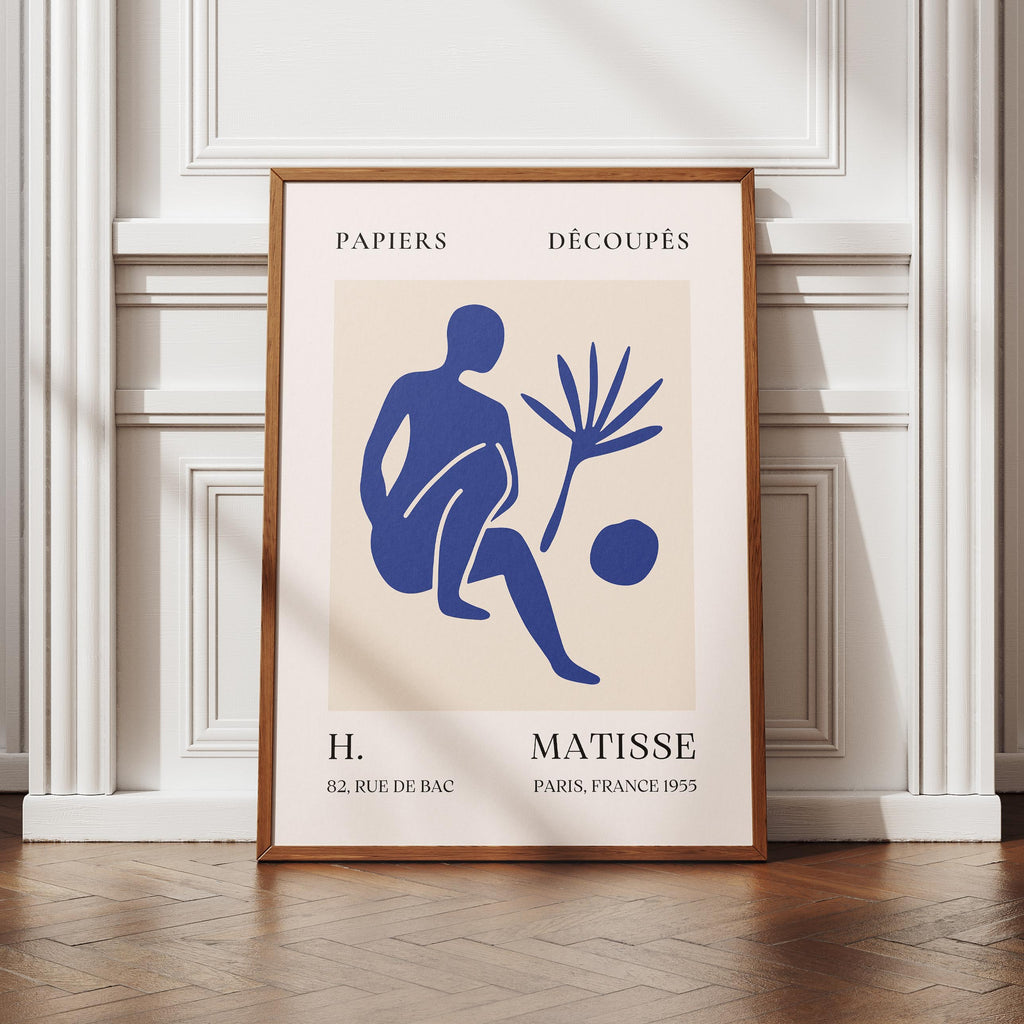Blue Figure & Botanical Papiers Découpés - Henri Matisse - Rolled Poster Wall Art Print | House Prints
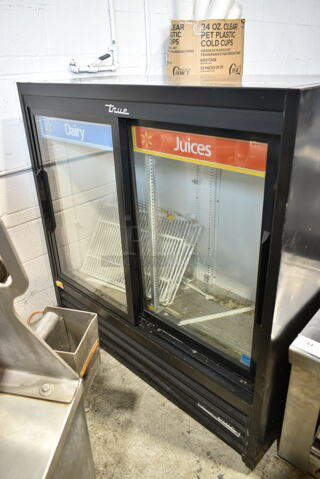 2020 True GDM-41SL-48-HC-LD Metal Commercial 2 Door Reach In Cooler Merchandiser w/ Poly Coated Racks. 115 Volts, 1 Phase. Tested and Working!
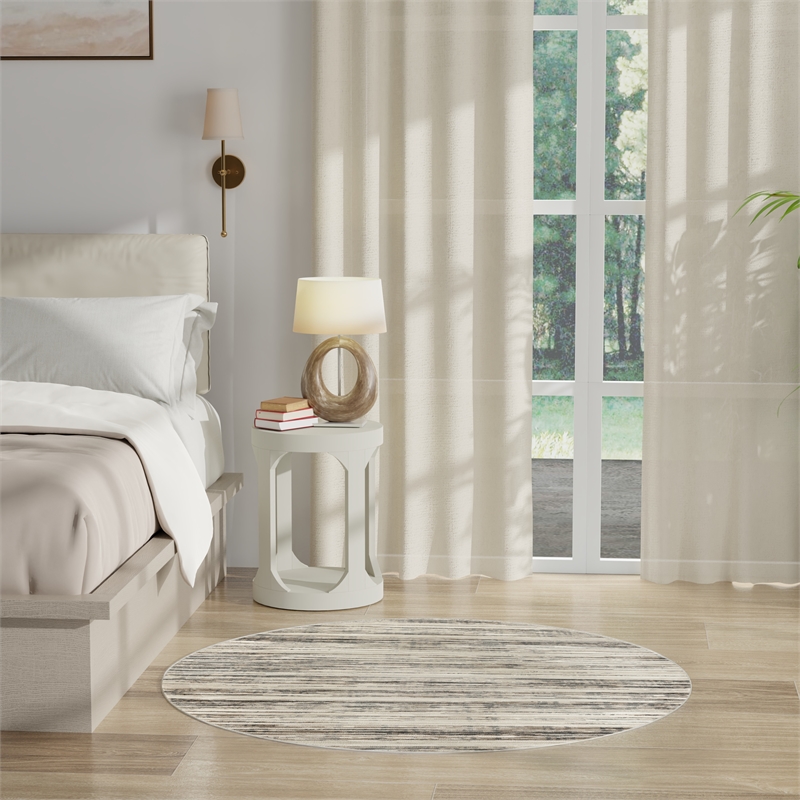 nourison serenity home 4' x round ivory beige fabric area rug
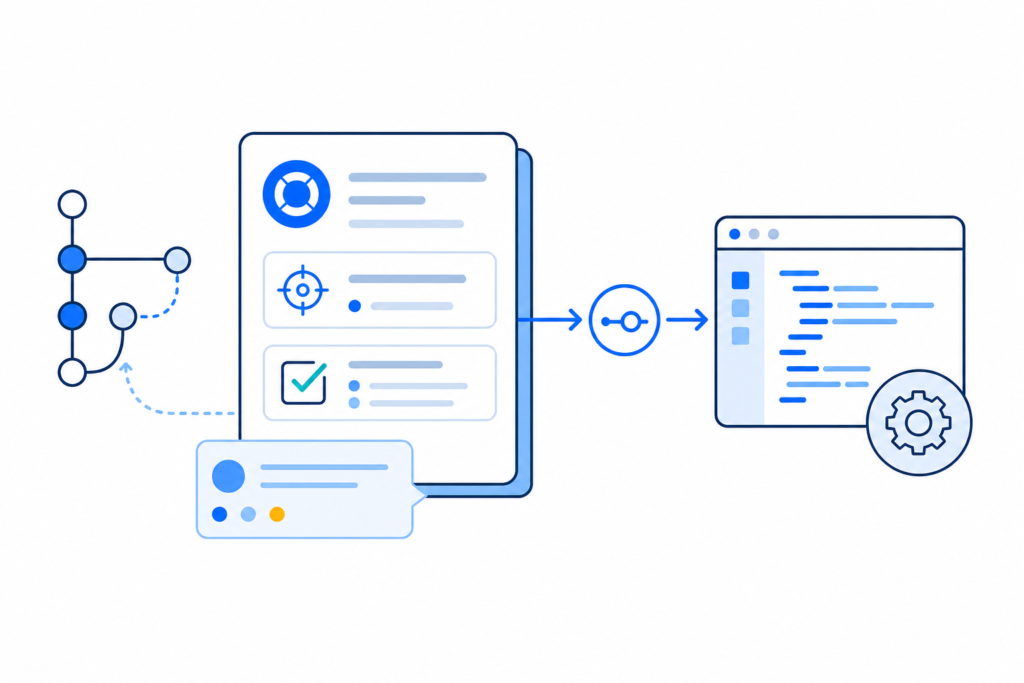 「GitHub Issue入門｜作業の目的・完了条件を記録して開発につなげる」の内容を表す技術イラスト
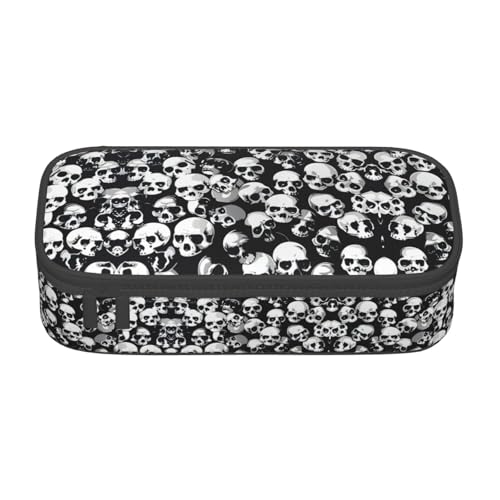 LJABCVNN Multifunktionales Federmäppchen mit Totenkopf-Motiv, Schreibwaren-Organizer, Box für Damen und Herren, Schwarz von LJABCVNN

- What to work on: From the line with "nourison serenity home" down to the final line of the entries above, repeat each line exactly; omit the pictures.

- Written answer:
 nourison serenity home 4' x round ivory beige fabric area rug
 「GitHub Issue入門｜作業の目的・完了条件を記録して開発につなげる」の内容を表す技術イラスト
 LJABCVNN Multifunktionales Federmäppchen mit Totenkopf-Motiv, Schreibwaren-Organizer, Box für Damen und Herren, Schwarz von LJABCVNN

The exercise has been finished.